* WORK REQUIRED
Restate word for word the lines of the material below, from the line with "Сковорода O27, 5x4, 8" to the line with "Vista 8 de Delantales", both lines included, and no others.
---------- DATASET EXTRACT
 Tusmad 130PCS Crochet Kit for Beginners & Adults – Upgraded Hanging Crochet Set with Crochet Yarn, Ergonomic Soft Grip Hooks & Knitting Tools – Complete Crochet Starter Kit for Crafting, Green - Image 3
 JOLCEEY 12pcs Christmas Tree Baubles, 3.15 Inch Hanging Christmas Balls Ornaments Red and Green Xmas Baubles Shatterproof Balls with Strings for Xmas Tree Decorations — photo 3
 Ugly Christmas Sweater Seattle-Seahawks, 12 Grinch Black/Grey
--------------------
---------- DATASET EXTRACT
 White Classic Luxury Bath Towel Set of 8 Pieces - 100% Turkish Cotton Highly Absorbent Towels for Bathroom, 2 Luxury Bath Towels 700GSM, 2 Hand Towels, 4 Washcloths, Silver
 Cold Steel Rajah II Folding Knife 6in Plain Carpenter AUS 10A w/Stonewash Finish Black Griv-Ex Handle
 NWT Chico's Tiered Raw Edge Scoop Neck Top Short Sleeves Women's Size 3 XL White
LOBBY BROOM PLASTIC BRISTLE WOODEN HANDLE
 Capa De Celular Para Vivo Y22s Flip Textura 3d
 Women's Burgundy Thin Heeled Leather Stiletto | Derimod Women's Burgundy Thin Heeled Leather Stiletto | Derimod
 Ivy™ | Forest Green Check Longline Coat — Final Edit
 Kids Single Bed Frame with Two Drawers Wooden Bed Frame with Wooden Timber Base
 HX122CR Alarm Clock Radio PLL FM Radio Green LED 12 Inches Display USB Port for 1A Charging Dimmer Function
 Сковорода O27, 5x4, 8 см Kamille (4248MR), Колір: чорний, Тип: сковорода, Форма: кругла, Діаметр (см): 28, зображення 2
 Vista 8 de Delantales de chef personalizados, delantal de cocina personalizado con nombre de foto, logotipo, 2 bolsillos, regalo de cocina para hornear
--------------------
---------- DATASET EXTRACT
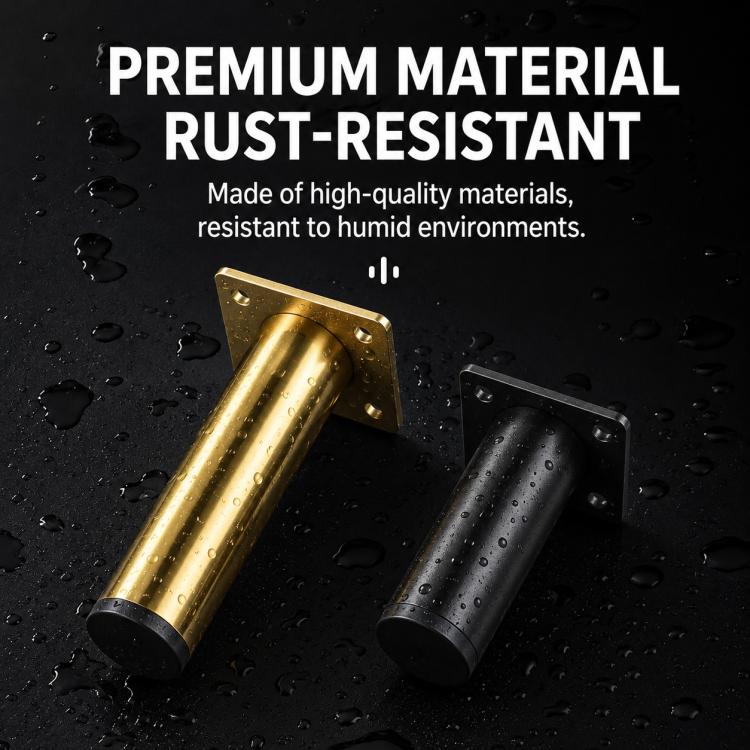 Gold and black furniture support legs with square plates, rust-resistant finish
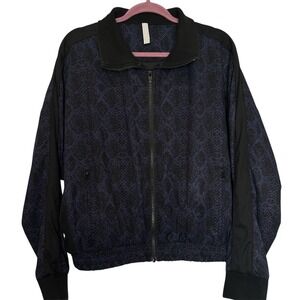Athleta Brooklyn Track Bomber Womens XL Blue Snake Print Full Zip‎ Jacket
--------------------
* ANSWER SECTION
 Сковорода O27, 5x4, 8 см Kamille (4248MR), Колір: чорний, Тип: сковорода, Форма: кругла, Діаметр (см): 28, зображення 2
 Vista 8 de Delantales de chef personalizados, delantal de cocina personalizado con nombre de foto, logotipo, 2 bolsillos, regalo de cocina para hornear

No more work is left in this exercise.